▸ **Caption-style text data**:
★ ★ ★
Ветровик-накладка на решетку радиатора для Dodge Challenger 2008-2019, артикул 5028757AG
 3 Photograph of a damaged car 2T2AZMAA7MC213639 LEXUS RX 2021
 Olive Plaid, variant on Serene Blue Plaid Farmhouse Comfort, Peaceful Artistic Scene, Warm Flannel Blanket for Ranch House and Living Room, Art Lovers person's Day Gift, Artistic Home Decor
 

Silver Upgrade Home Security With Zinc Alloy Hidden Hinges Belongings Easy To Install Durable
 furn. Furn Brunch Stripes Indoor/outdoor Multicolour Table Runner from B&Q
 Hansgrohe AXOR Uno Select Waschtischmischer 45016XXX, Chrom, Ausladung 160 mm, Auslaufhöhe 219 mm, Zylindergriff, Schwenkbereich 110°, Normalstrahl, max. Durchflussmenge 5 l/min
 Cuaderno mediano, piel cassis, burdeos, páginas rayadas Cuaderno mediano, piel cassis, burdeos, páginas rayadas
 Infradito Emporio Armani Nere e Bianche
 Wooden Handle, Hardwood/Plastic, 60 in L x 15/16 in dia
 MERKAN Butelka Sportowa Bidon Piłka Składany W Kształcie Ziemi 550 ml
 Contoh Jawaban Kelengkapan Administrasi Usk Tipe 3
★ ★ ★
All lines holding the word "Home" must be copied from the data.

▸ **THE COMPLETED TASK**:
 Olive Plaid, variant on Serene Blue Plaid Farmhouse Comfort, Peaceful Artistic Scene, Warm Flannel Blanket for Ranch House and Living Room, Art Lovers person's Day Gift, Artistic Home Decor
Silver Upgrade Home Security With Zinc Alloy Hidden Hinges Belongings Easy To Install Durable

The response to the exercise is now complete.